EXTRACTED ENTRIES:
--------------------------------
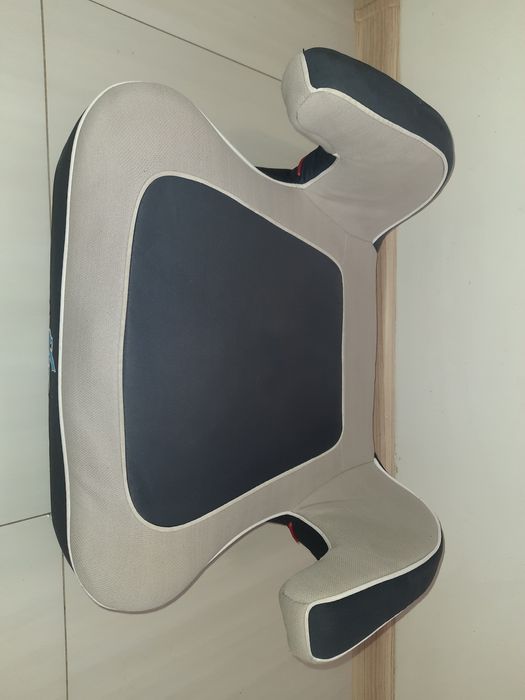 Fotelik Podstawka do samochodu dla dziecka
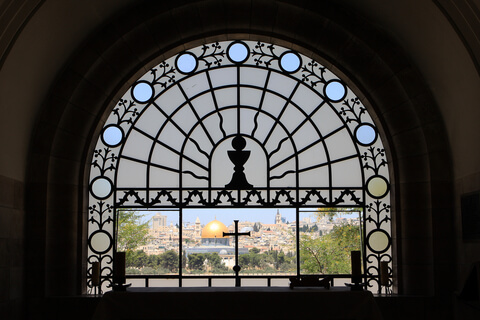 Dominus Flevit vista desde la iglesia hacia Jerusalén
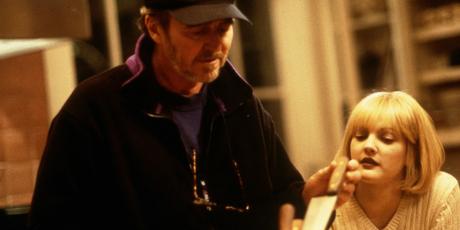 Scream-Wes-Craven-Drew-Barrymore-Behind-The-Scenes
--------------------------------
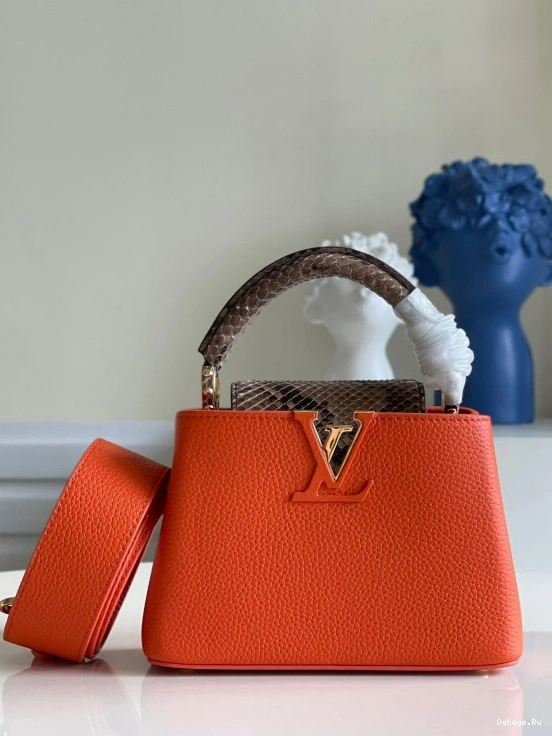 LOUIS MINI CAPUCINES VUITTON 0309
--------------------------------
TASK TO COMPLETE:
Copy only these lines from the records above, exactly: the one with "Dominus Flevit vista", the one with "Scream-Wes-Craven-Drew-Barrymore-Behind-The-Scenes", and those between. Skip the pictures.

EXERCISE SOLUTION:
 Dominus Flevit vista desde la iglesia hacia Jerusalén
 Scream-Wes-Craven-Drew-Barrymore-Behind-The-Scenes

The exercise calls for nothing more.